The recent spate of school shootings has raised concern about weapon carrying by school-aged youth. Van Geel and colleagues conduct a meta-analysis of studies examining the relationship between bullying and weapon carrying among youth 21 years or younger. Involvement in bullying, as a perpetrator, victim, or both, were all associated with an increased risk of weapon carrying. Studies in the United States found that the odds of carrying weapons were almost 8-fold higher for bully-victims compared with those with no weapon carrying. Interventions for addressing bullying are available and need to be implemented widely in schools.

The overall economic effect of autism spectrum disorders (ASDs) is not well established. Buescher and colleagues use newly available data on prevalence and costs to determine the annual and lifetime costs for individuals with ASDs with and without intellectual disability in the United States and United Kingdom. The cost of supporting an individual with an ASD and intellectual disability during the lifespan was $2.4 million in the United States and $2.2 million in the United Kingdom, with the largest components for children with special education services and for lost parental productivity.

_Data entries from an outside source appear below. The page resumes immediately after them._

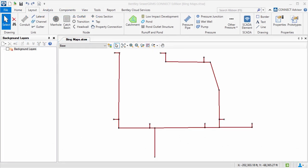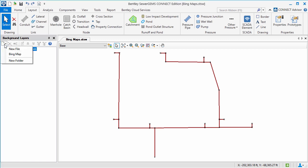Here's a model that I would like to add a Bing map to. To do this in the latest product release, I just need to go to the background layers dialog, click on the new icon, and select Bing map.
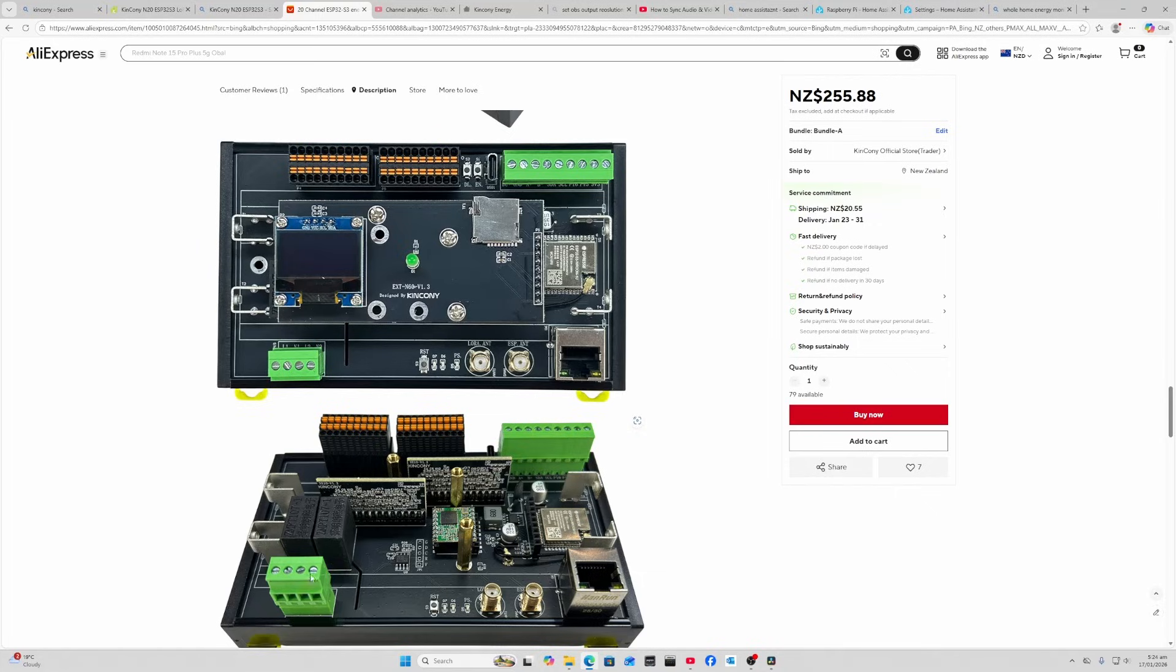Please let me know in the comments below what you think of this device and perhaps what you're using for whole home energy monitoring. I think this is a great option. I really like that I can run it on ESP Home so it's completely local within Home Assistant. Anyway, that's all for now. Hope you've enjoyed this video. If you have, please like and subscribe, and I'll see you in the next one. Bye for now!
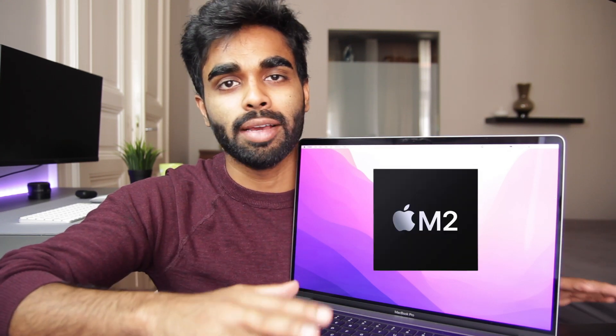So I've been using this Intel 2019 16-inch MacBook Pro for over a year now. With Apple transitioning completely to their new silicon M1 and M2 chips, the question is, is this MacBook Pro still worth it? Let's find out.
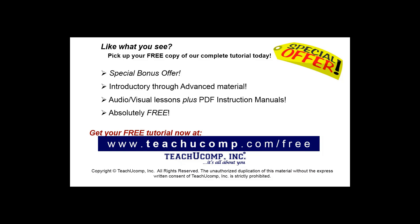Like what you see? Pick up your free copy of the complete tutorial at www.teachucomp.com/free.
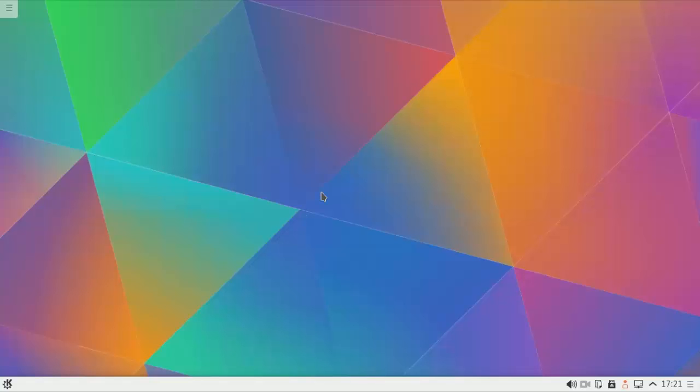G'day guys, how are you? Today I'm going to show you the new release version of Kubuntu 15.04 Beta 2.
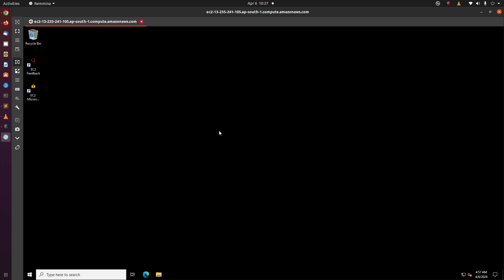So this is how we launch a Windows EC2 instance and RDP into that instance from Linux host.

In their editorial, Shattuck and Roux discuss the need for a new conversation about innovation and investment for individuals with ASDs.

Animal studies indicate that use of general anesthetic agents in developing animals results in neurocognitive and behavioral deficits. In a cohort study involving 22 academic neonatal intensive care units, Morriss and colleagues study 12 111 infants with birth weight 401 to 1500 g. Infants who underwent surgery had 50% greater odds of death or neurodevelopmental impairment and a 3.3-point lower mean Bayley score than those without surgery. In an accompanying editorial, Williams and colleagues discuss these findings and the implications for clinical care and future research.